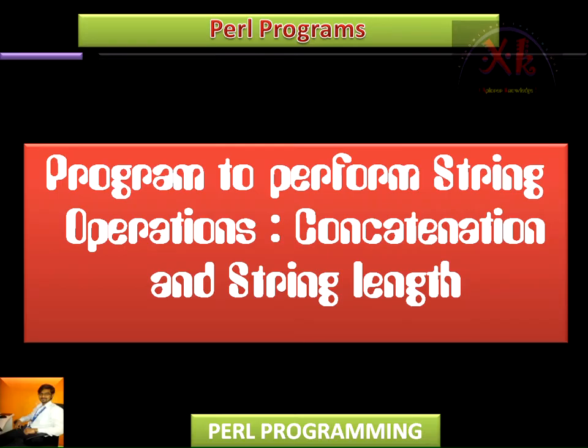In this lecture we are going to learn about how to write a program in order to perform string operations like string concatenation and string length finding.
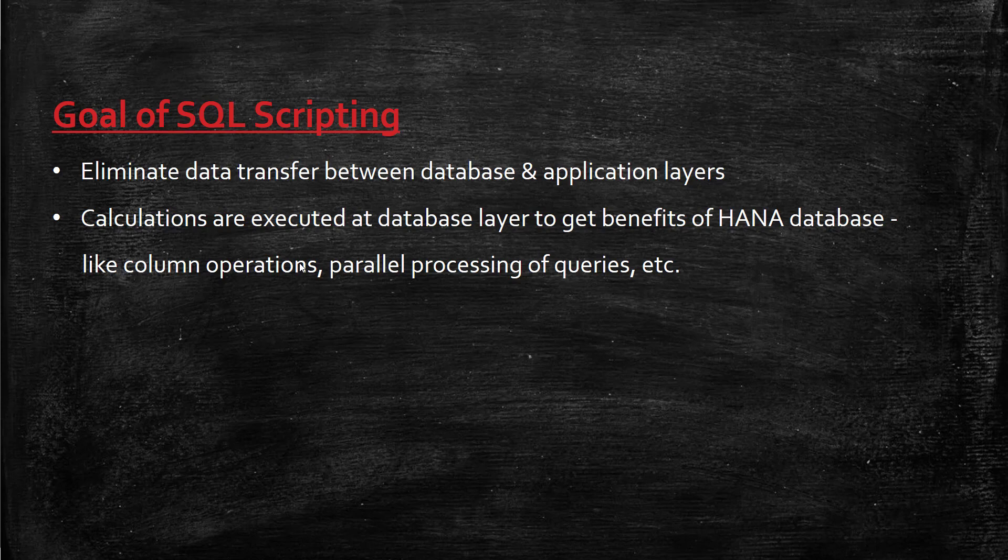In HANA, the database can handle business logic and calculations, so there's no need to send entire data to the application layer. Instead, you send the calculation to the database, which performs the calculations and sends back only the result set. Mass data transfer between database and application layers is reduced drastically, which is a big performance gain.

··········

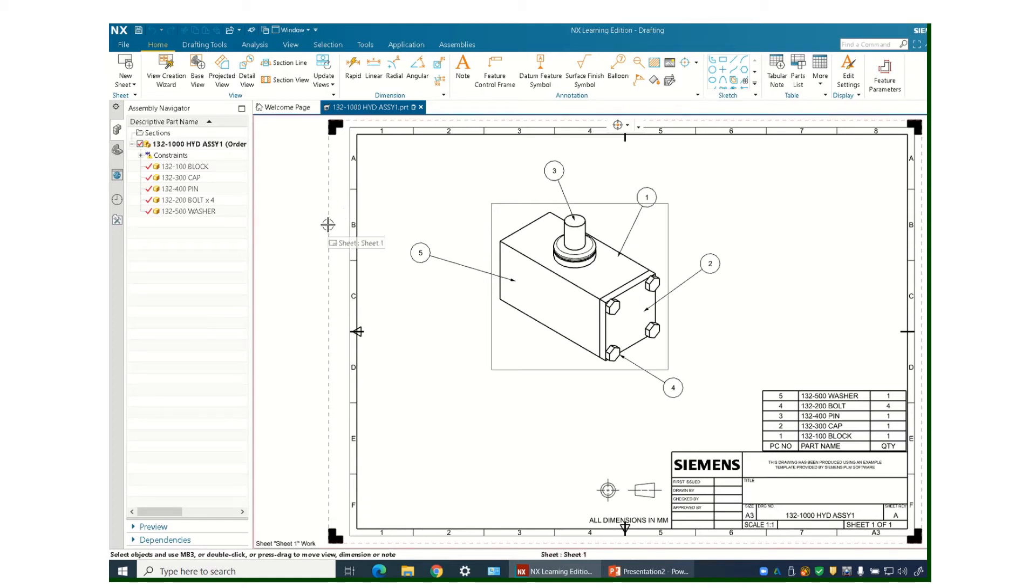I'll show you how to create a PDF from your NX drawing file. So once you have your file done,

··········

▶ **Assignment**
What to print is the stretch of entries from the line with "In this lecture" up to and including the line with "In HANA, the". Please print it exactly and leave out the pictures.

▶ **Answer below**
In this lecture we are going to learn about how to write a program in order to perform string operations like string concatenation and string length finding.
In HANA, the database can handle business logic and calculations, so there's no need to send entire data to the application layer. Instead, you send the calculation to the database, which performs the calculations and sends back only the result set. Mass data transfer between database and application layers is reduced drastically, which is a big performance gain.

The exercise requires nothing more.